Georgia SB 315 anti-hacking law dangerously misses the mark of protecting people, making us all less safe
GA SB 315 (LC 29 8107S) (PDF / legis.ga.gov) just passed the House Judiciary Non-Civil Committee and will be voted on this week. While significantly improved through the committee process, it still creates a dangerously broad definition of Criminal Unauthorized Computer Access that is so sweeping, people will need permission before visiting any website.
This bill was drafted because Georgia law enforcement and the U.S. FBI could not find any law broken by a professional security researcher. This researcher tried to alert Georgia election officials of voter data inappropriately published publicly on the Internet by Kennesaw State University, a contractor for the Georgia Secretary of State’s Office. What he discovered through ordinary Google searching was that voters' names, addresses, and other private information was indexed by Google and accessible by anyone. After months, he and another researcher discovered that the data was still available on the public Internet and brought it to the attention of the media. Only under the daylight of public attention was the data removed from the Internet in an embarrassing scandal.
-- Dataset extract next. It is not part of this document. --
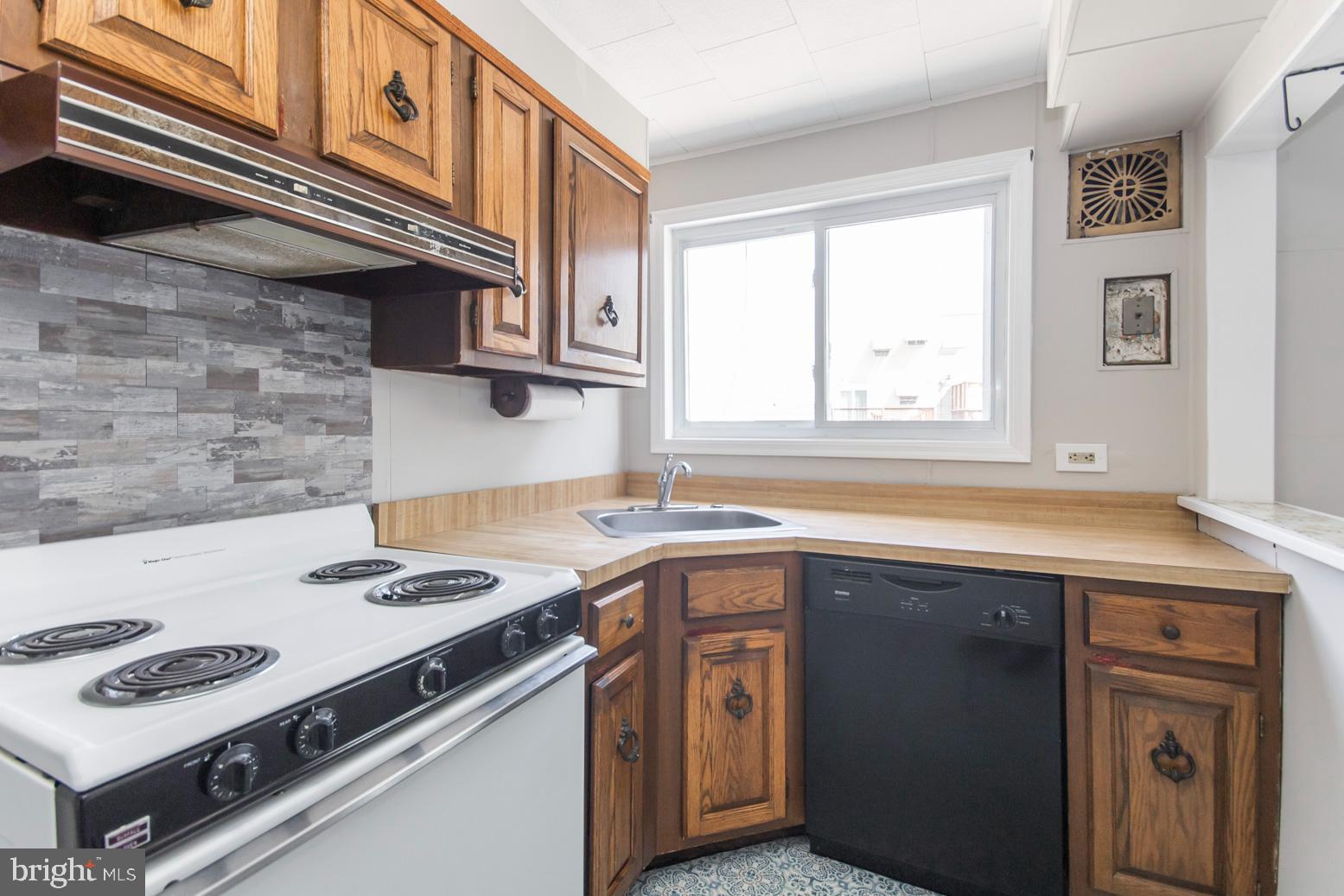 831 Grant Road Folcroft, PA 19032 - Photo 4 of 26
Rather than thanking good Samaritan security researchers for helping guard the public from truly malicious hackers, the Georgia Attorney General’s Office has conducted a legislative campaign to ensure that these facts would lead to a successful prosecution under SB 315, which creates a new crime of unauthorized computer access, even when no computer was broken into or data stolen.
By analogy, consider your local bank as a metaphor for a website hosted on a computer. Now suppose that John Doe is a professional security camera expert and during his visit to deposit his check, he notices a defect in the bank’s security camera system that is clearly visible to his expert eye. This defect places many customers at risk. Under SB 315, the mere act of noticing this defect is a crime. Any attempt to report the issue to the bank is a confession of guilt and could lead to his criminal prosecution in Georgia. This absurd situation is precisely the outcome for well-intentioned computer security experts who see defects in the websites we all depend on to protect our most sensitive information. Security experts will stop reporting defects in good faith, and we will all be less safe. Many defects will only become known after being exploited by a malicious hacker for criminal purposes.
Computer security law and policy is a delicate balancing act between protecting those who own computer systems/networks and the people who are victimized when a data breach occurs. GA SB 315 misses the mark in protecting the public. It actually puts the public more at risk. While it is true that many other states, including California, have an unauthorized computer access statute, many of those are much narrower in scope and include more exemptions for professionals who help in good faith. Worse, Georgia is making benign Internet access a crime by eliminating the “malicious intent” concept from its law, turning millions of web interactions into prosecutable acts and depending on prosecutors and the courts to apply the law as they see fit.
It is my expert opinion that GA SB 315 should be dropped by the Georgia General Assembly and instead the State government should study the matter with input from all sides, including Information Security professionals, and come back in 2019 with a comprehensive data protection bill to protect all Georgia residents from the harm of their personal information being stolen.